Pintura
De Madrid al cielo por Patricia Navarro
Entraba la noche mientras Antonio, Chenel allá donde fuera, el maestro Antoñete, nos decía adiós. Un secreto a gritos silenciaba su enfermedad: los pulmones que hacía tiempo dificultaban la respiración. Despedir al maestro suponía resquebrajar la filosofía del toreo. El maestro del eterno mechón blanco logró convivir en las generaciones del ayer y en las de hoy. Entre sus muchas idas y venidas del toreo se entretuvo en entrar en el corazón de niños y mayores. Para el edén dejaría su actuación en solitario en Madrid. Bella despedida de la plaza en la que vivió durante su infancia, su adolescencia, mirando tras la puerta a las figuras que se jugaban todo en la Monumental.
Sueños de grandeza que supo consolidar en el ruedo: su clasicismo, su pureza y su verdad avalaron la vida del torero madrileño, víctima de su propia personalidad. De su infinita grandeza que habitaba en echar «la pata para adelante». Mirar de frente con huesos de cristal. En los últimos años disfrutamos de su casta a través de los micrófonos junto a Manolo Molés.

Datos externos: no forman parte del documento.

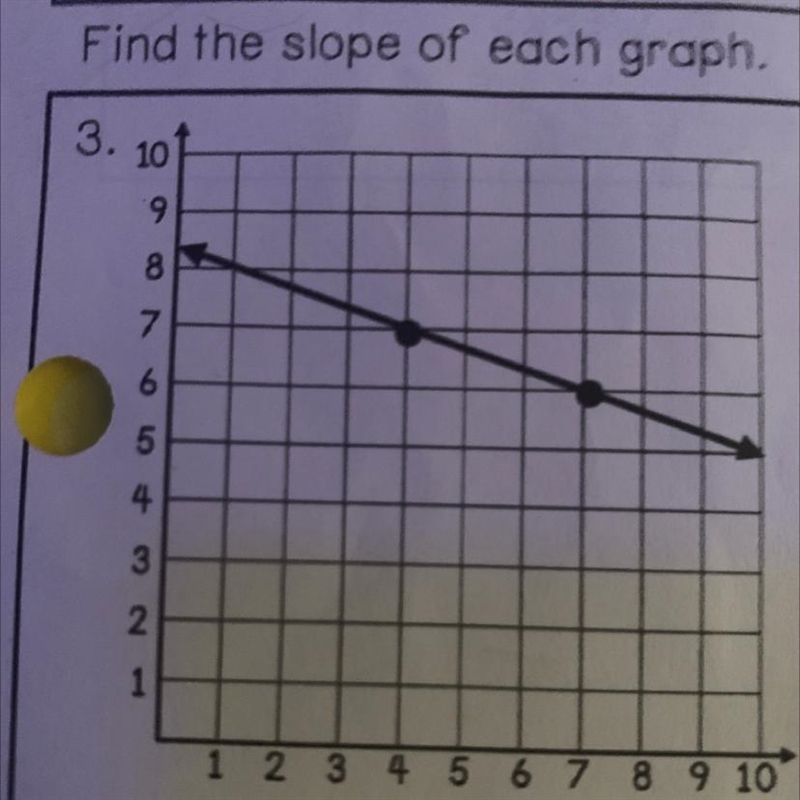 Find the slope of this graph-example-1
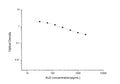 ALD (Aldosterone) Competitive ELISA Kit (STJE0006606) – Figure 1 of 1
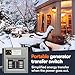 Generac 6853 HomeLink Upgradeable 30 Amp Transfer Switch Kit - Reliable Power Solution for Homes - 10' Cord and Resin Power Inlet Box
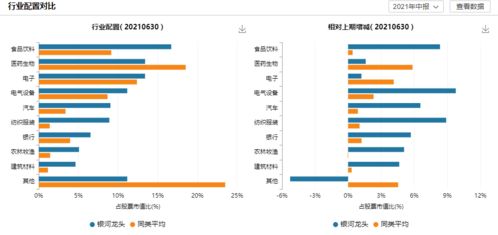 银河基金怎样销户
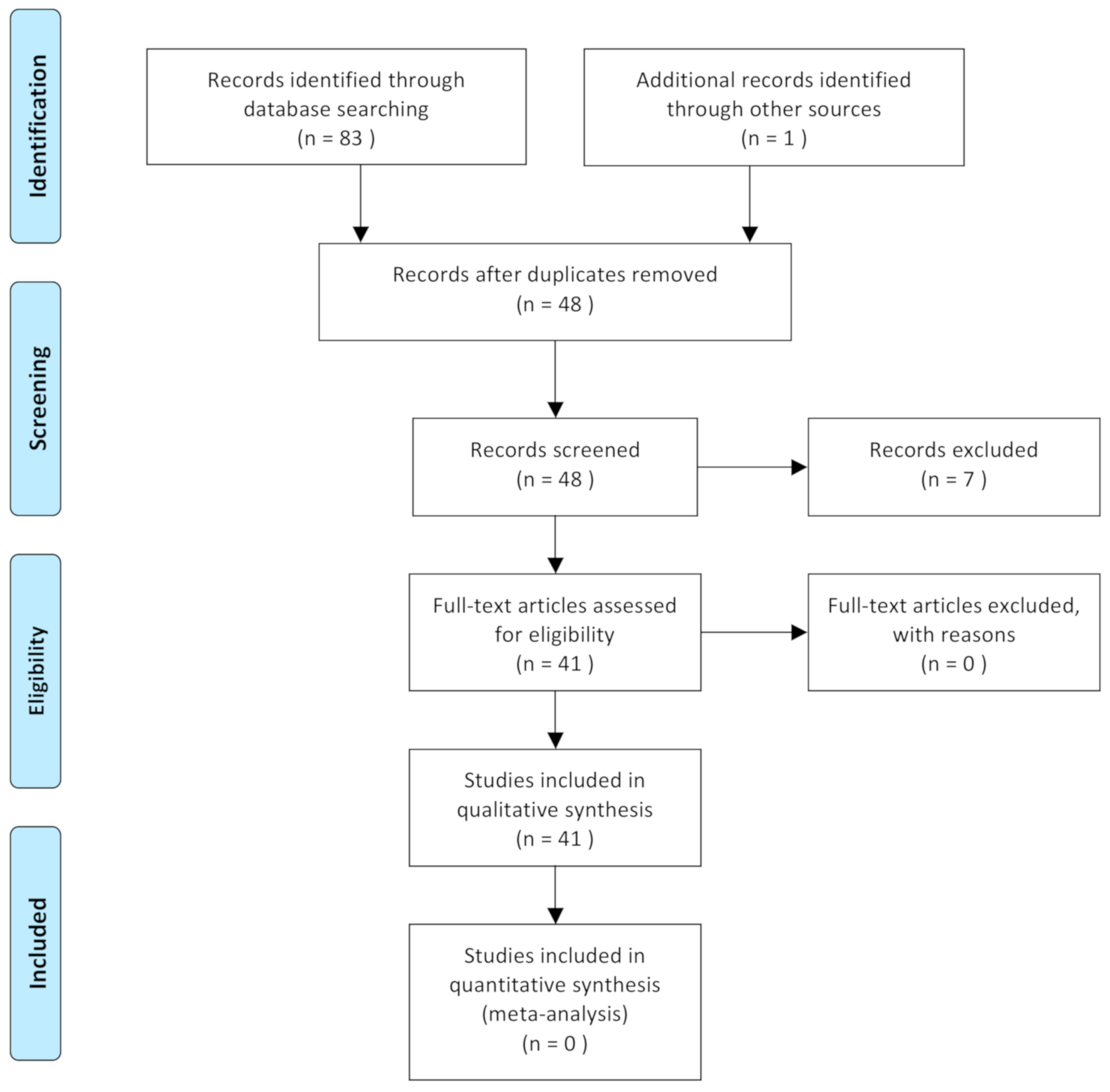 Animals 11 00342 g001 Animals 11 00342 g001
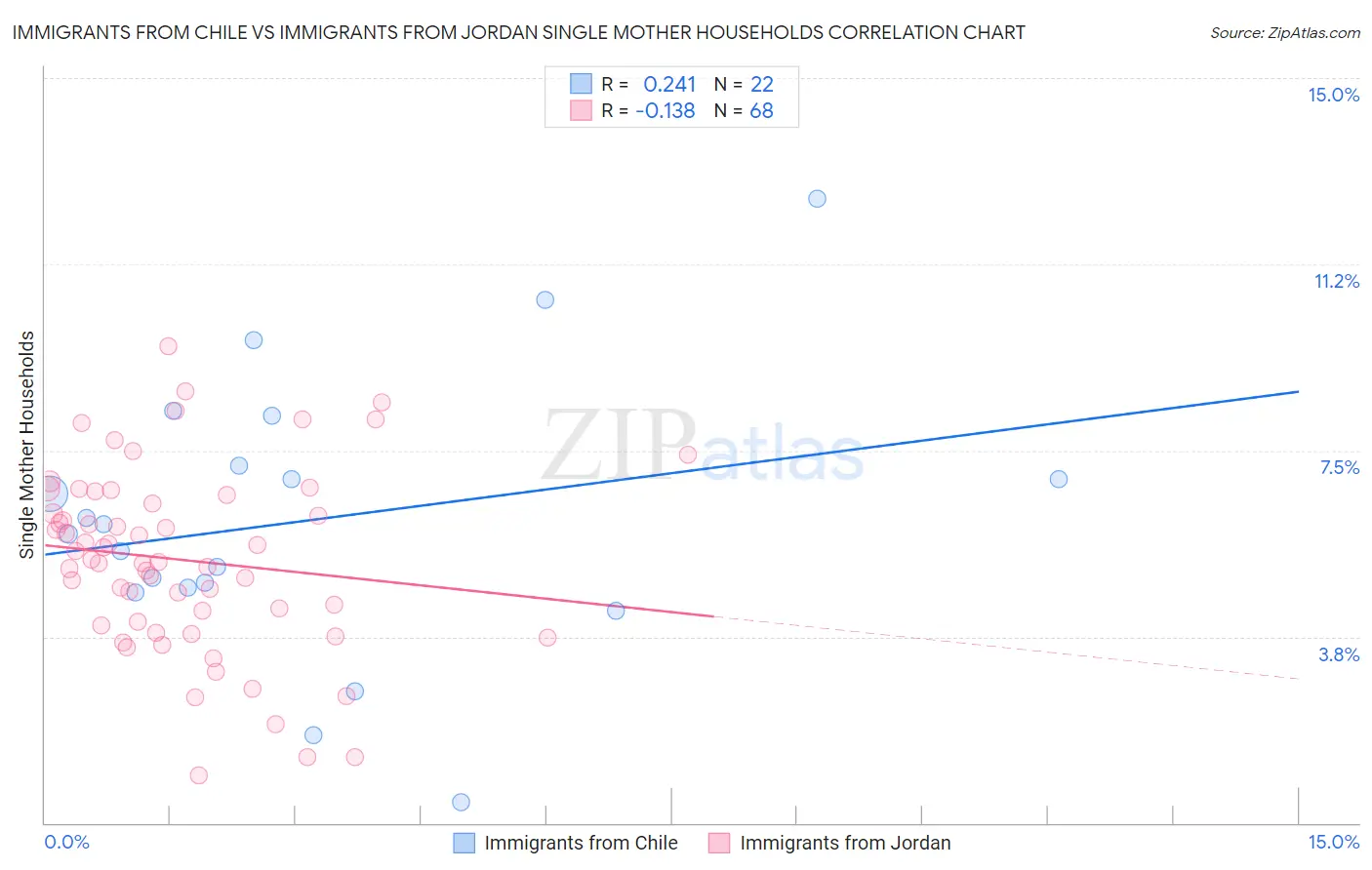 Immigrants from Chile vs Immigrants from Jordan Single Mother Households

Aunque todavía así, alejado de los ruedos, al filo de la navaja en uno de ellos: el alma que quiere mientras el cuerpo ya no deja, difícil era imaginar al maestro sin retratarlo con su vestido lila y oro y su mítico mechón blanco, que no cubrió la memoria ni cuando las canas lo poblaron todo. Seguía siendo faro del toreo. El último trayecto de su vida, los años tranquilos, en la finca, con su niño, su mujer, las cartas y una voz ronca a fuerza de tabaco que lo decía todo sin apenas articular palabra. Hace tiempo tuve la suerte de entrevistarle. Un encuentro con esa mágica admiración que deja volar a las emociones. Cerca de cumplir los 80 seguía esbozando la faena ideal: «Ésa no llega nunca, te acercas, pero la que uno sueña ni llega ni quizá debe llegar». Ahí lo dejaba. Maestro, esta vez sí, de Madrid, al cielo.